Bets na mira de duas CPIs
O Senado mantém em funcionamento, desde 10 de abril, a CPI das Apostas Esportivas. A comissão investiga denúncias de manipulação dos resultados dos jogos pelas casas de apostas online.
Em paralelo, uma outra CPI investiga a atuação dos sites de apostas (bets) no Brasil. Segundo o texto do requerimento, a CPI foi criada para "investigar a crescente influência dos jogos virtuais de apostas online no orçamento das famílias brasileiras".
Histórico das Bets
Em dezembro de 2018, o então presidente Michel Temer assinou a lei nº 13.756, que liberava as apostas com quota fixa, com a previsão de que a regulamentação fosse feita em no máximo quatro anos. Os jogos on-line já eram acessados no país desde o ínicio dos anos 2000.

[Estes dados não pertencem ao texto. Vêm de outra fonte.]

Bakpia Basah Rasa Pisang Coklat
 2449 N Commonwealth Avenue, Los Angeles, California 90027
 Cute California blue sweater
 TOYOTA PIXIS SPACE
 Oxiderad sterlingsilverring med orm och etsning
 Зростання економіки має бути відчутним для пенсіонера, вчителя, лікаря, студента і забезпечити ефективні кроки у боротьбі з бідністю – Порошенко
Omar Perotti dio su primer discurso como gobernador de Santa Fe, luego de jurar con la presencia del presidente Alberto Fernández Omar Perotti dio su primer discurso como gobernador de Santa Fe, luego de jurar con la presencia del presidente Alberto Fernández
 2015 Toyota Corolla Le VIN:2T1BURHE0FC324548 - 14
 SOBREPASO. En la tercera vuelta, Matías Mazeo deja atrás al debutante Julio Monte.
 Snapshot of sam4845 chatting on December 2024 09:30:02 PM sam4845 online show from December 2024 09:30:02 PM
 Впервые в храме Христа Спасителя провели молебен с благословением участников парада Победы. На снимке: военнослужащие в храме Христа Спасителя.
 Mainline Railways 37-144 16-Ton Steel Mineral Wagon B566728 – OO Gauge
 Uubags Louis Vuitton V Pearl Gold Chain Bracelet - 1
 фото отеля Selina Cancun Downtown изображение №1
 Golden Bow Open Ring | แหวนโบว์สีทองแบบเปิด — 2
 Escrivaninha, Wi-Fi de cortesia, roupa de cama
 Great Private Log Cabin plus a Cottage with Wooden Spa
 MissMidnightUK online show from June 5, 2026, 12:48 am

Com essa nova legislação, as apostas esportivas passaram a funcionar de forma totalmente legalizada.
Empresas de apostas proliferaram pelo país, mas foi depois da Copa do Mundo de futebol de 2022 que o investimento do setor realmente começou a crescer no Brasil. De acordo com uma pesquisa realizada pela PwC Brasil, as bets registraram um crescimento de 89% entre 2020 e 2024.
Em 2023, o Congresso aprovou uma primeira parte da regulação enviada pelo governo do presidente Luiz Inácio Lula da Silva, e uma segunda etapa com regras de operação definidas pelo Ministério da Fazenda entrará em vigor a partir de outubro. A regulamentação está prevista para ser finalizada até 2025.
Em 31 de dezembro de 2023, o presidente Lula sancionou parcialmente o Projeto de Lei nº 3.626, de 2023, transformado na Lei Nº 14.790, de 29 de dezembro de 2023.
A lei estabelece critérios sobre tributação, normas para a exploração desse serviço, define a distribuição da receita arrecadada, fixa sanções e estabelece as competências do Ministério da Fazenda na regulamentação, autorização, monitoramento e fiscalização da atividade. Abrange apostas virtuais, apostas físicas, eventos esportivos reais, jogos on-line e eventos virtuais de jogos on-line.